Where Throwing in the Kitchen Sink Doesn’t Help — Orient Overseas Assocs. v. XL Ins. Am., Inc.

In its recent decision, the Appellate Division (1st Dept.) of the New York Supreme Court may have provided insurers with another basis to dismiss arguably duplicative claims arising from Super Storm Sandy. In Orient Overseas Associates v. XL Insurance America, Inc., the Appellate Division considered whether, in a case in which a breach of contract claim was already plead against an insurer based on its alleged failure to pay for damages covered under its policy, this same conduct may provide the basis for a separate claim against the insurer for  “unfair claim settling practices.” The Appellate Division found that, because the “unfair claim settling practice” claim was duplicative of the insured’s breach of contract claim, it was subject to dismissal.

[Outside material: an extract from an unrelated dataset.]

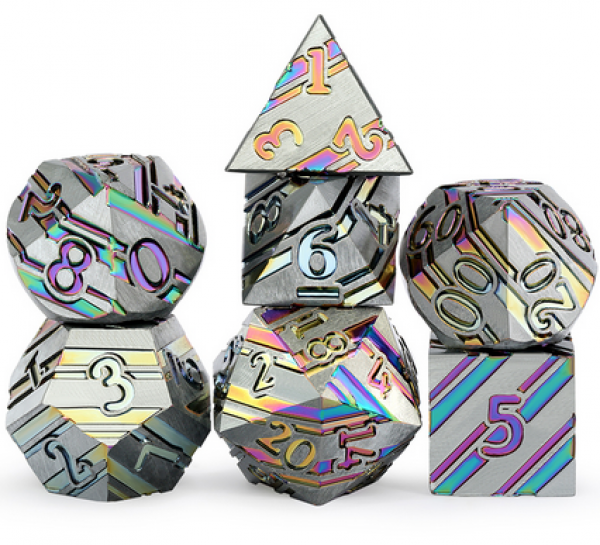 Dice Habit: Zinc Alloy Striped Dice Set - Rainbow (7pcs)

In Orient, the insured filed suit against three of its insurers for breach contract as a result of their alleged failure to pay it for damages sustained to its property in Super Storm Sandy, and as to one of the insurers, also asserted a claim for “unfair claims selling practices.” This later count was dismissed, but the insured was permitted to re-file its complaint. In the re-filed complaint, the insured against asserted a breach of contract claim against all insurers, but this time added a claim for “unfair settlement practices/bad faith” against the same insurer singled out in the first complaint. The trial court dismissed this later claim as duplicative of the breach of contract claim against the insurer. The Appellate Division affirmed.

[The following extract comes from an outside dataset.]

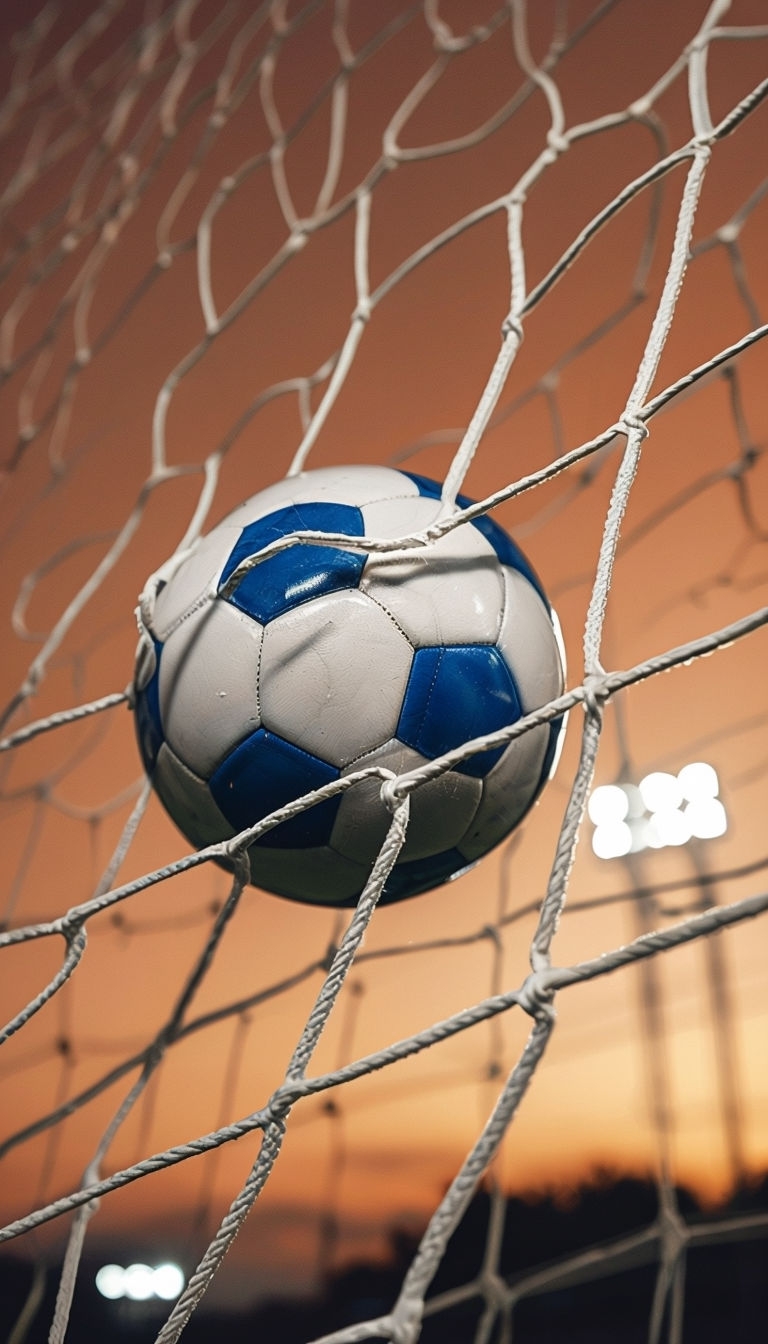 Dynamic Close-Up Soccer Ball in Net Photography Art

Initially, the Appellate Division agreed with the trial court’s conclusion that New York law did not recognize a standalone claim for “unfair claim settling practices.” Although the Appellate Division held that, in certain circumstances, “the very nature of a contractual obligation, and the public interest in seeing it performed with reasonable care” creates both a duty of reasonable care in the performance of the contract, and where the duty is breached, a separate cause of action, it found that these same considerations did not warrant the creation of a separate claim against an insurance company for “unfair claim settling practices.”

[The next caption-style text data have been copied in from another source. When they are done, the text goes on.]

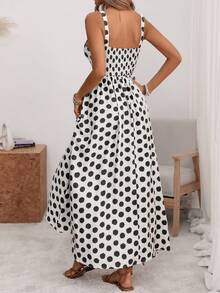 A-Line Midi Dress With Pleated Back, Fitted Waist, Wide Straps And U-Neck, With Back Adjustment, In A Romantic Style Of Large Polka Dots, Elegant Retro French Minimalist, Suitable For Office, Travel, Business, Casual, Beach, Resort, Spring/Summer - 黑白 - 查看 2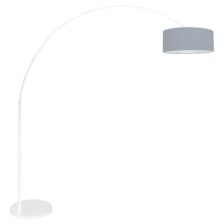 Witte vloerlamp / booglamp Sparkled Light 3928W met blauw linnen kap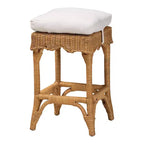 bali & pari Tabouret de bar en rotin coquillage miel/blanc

The Appellate Division then reviewed the allegations of the “unfair settlement practices/bad faith” claim, and pointed out that that the claim repeated all of the components of the breach of contract claim, merely adding allegations of policy sub-limit and deductible misrepresentation, as well as refusal to pay the insured, leading to unfair settling practices. The Appellate Division found that these additional allegations did not change the fact that, in essence, the claim was one for the insurer’s failure to perform under its contract.